'.NET for Apache Spark' Debuts for C#/F# Big Data -- Visual Studio Magazine

'.NET for Apache Spark' Debuts for C#/F# Big Data

By David Ramel
04/25/2019

Almost four years after the debut of Apache Spark, .NET developers are on track to more easily use the popular Big Data processing framework in C# and F# projects.

The preview project, called .NET for Apache Spark, was unveiled yesterday (April 24). Its development will be conducted in the open under the direction of the .NET Foundation.

Spark is described as a unified analytics engine for large-scale data processing, compatible with Apache Hadoop data whether batched or streamed.

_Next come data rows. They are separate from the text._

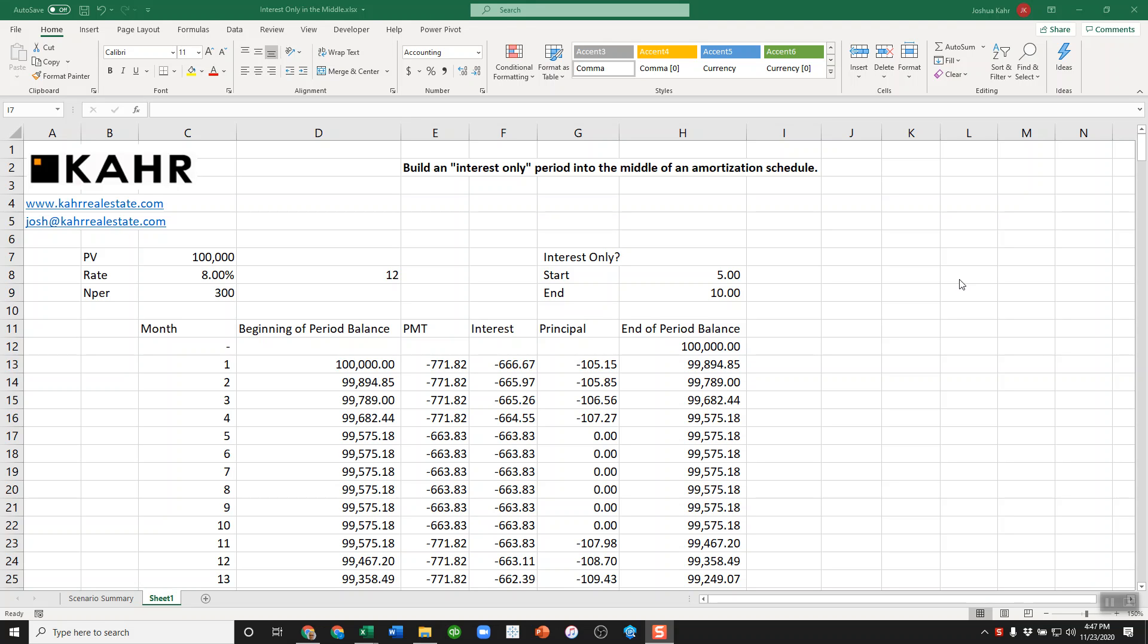Hi, Joshua Carr, Carr Real Estate again. I posted a couple videos on interest-only calculations in an amortization table, and at least a couple people asked me about this.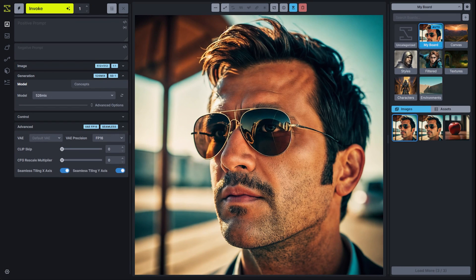Another enhancement in 3.7 is an update to our seamless tiling. In the past, you might sometimes find that seamless tiles would have something right on the edge that really didn't make it seamless, and it wasn't always consistent. We've increased the number of skipped layers in this process, and that has made seamless tiling a lot more reliable and consistent in generating seamless patterns. Let's go ahead and generate one now.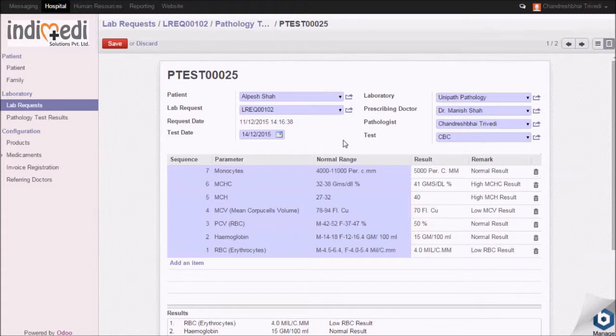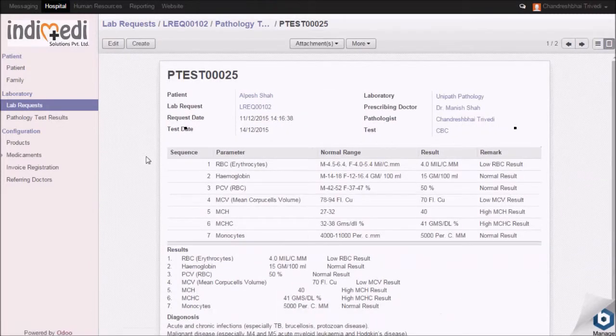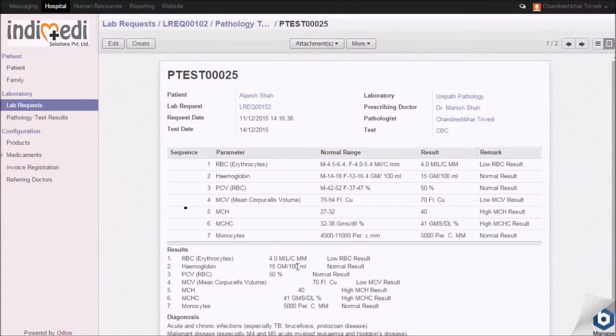Once done, click on save. All the details are now saved in the system.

Currently, Spark is accessible via an interop layer with APIs for the Java, Python, Scala and R programming languages. While .NET coders have been able to use Spark with Mobius C# and F# language binding and extensions, the new project seeks to improve on that scheme while paving the way to add more language support. Microsoft promised to work closely with the open source Spark community to help the project succeed beyond similar efforts such as Mobius, which it said were hindered by a lack of communication.

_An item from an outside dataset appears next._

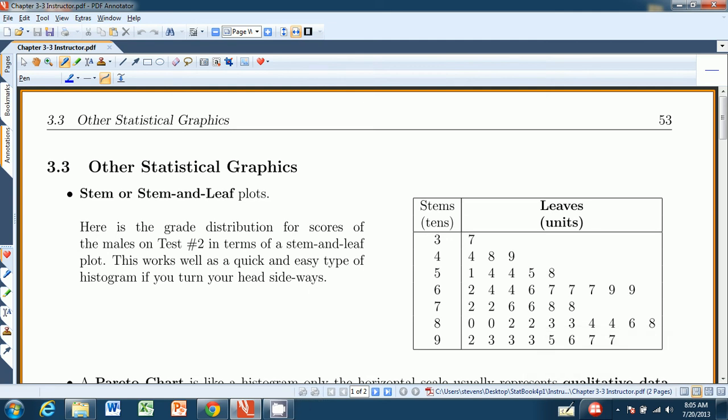Hi there, and welcome to chapter 3.3 from Stevens' Introduction to Statistics, the Think and Do book. In the previous two sections of this chapter, we first discussed frequency distributions, also known as frequency tables — a good way to organize large amounts of data by separating them into classes and counting up the frequencies and putting that into a table. And then histograms in section 3.2 described how we took that table and turned it into a graphic. In this section, we're going to go over a few other popular graphs from statistics.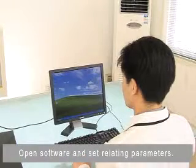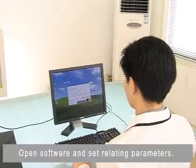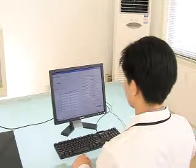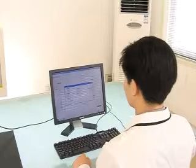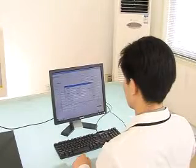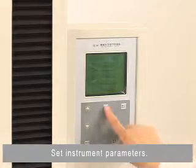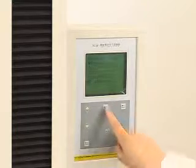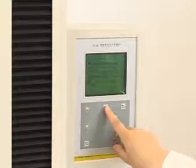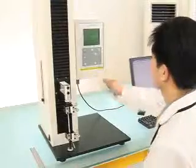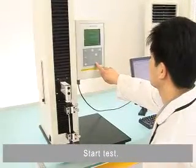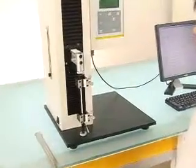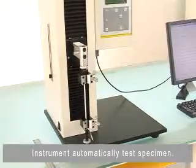Open the software and set the relating parameters. Set instrument parameters. Start the test. The instrument automatically tests the specimen.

".NET for Apache Spark provides high performance APIs for using Spark from C# and F#," said Microsoft in an announcement post. "With [these] .NET APIs, you can access all aspects of Apache Spark including Spark SQL, DataFrames, Streaming, MLLib etc.," it said. ".NET for Apache Spark lets you reuse all the knowledge, skills, code, and libraries you already have as a .NET developer."

The project's origin is explained in a Spark Project Improvement Proposal (SPIP) titled .NET bindings for Apache Spark created on Feb. 27. It says: "Apache Spark provides programming language support for Scala/Java (native), and extensions for Python and R. While a variety of other language extensions are possible to include in Apache Spark, .NET would bring one of the largest developer community to the table. Presently, no good Big Data solution exists for .NET developers in open source. This SPIP aims at discussing how we can bring Apache Spark goodness to the .NET development platform."

Microsoft yesterday said: "The C#/F# language binding to Spark will be written on a new Spark interop layer which offers easier extensibility. This new layer of Spark interop was written keeping in mind best practices for language extension and optimizes for interop and performance. Long term this extensibility can be used for adding support for other languages in Spark."

Project backers will work on that extensibility, which was outlined in yet another SPIP titled Interop Support for Spark Language Extensions created last December that says:

There is a desire for third party language extensions for Apache Spark. Some notable examples include:

C#/F# from project Mobius https://github.com/Microsoft/Mobius

Haskell from project sparkle https://github.com/tweag/sparkle

Julia from project Spark.jl https://github.com/dfdx/Spark.jl

Presently, Apache Spark supports Python and R via a tightly integrated interop layer. It would seem that much of that existing interop layer could be refactored into a clean surface for general (third party) language bindings...."

Microsoft addressed the aforementioned lack of communication with the open source Spark community in its SPIP, stating:

We recognize that earlier attempts at this goal (specifically Mobius https://github.com/Microsoft/Mobius) were unsuccessful primarily due to the lack of communication with the Spark community. Therefore, another goal of this proposal is to not only develop .NET bindings for Spark in open source, but also continuously seek feedback from the Spark community via posted Jira’s (like this one) and the Spark developer mailing list. Our hope is that through these engagements, we can build a community of developers that are eager to contribute to this effort or want to leverage the resulting .NET bindings for Spark in their respective Big Data applications.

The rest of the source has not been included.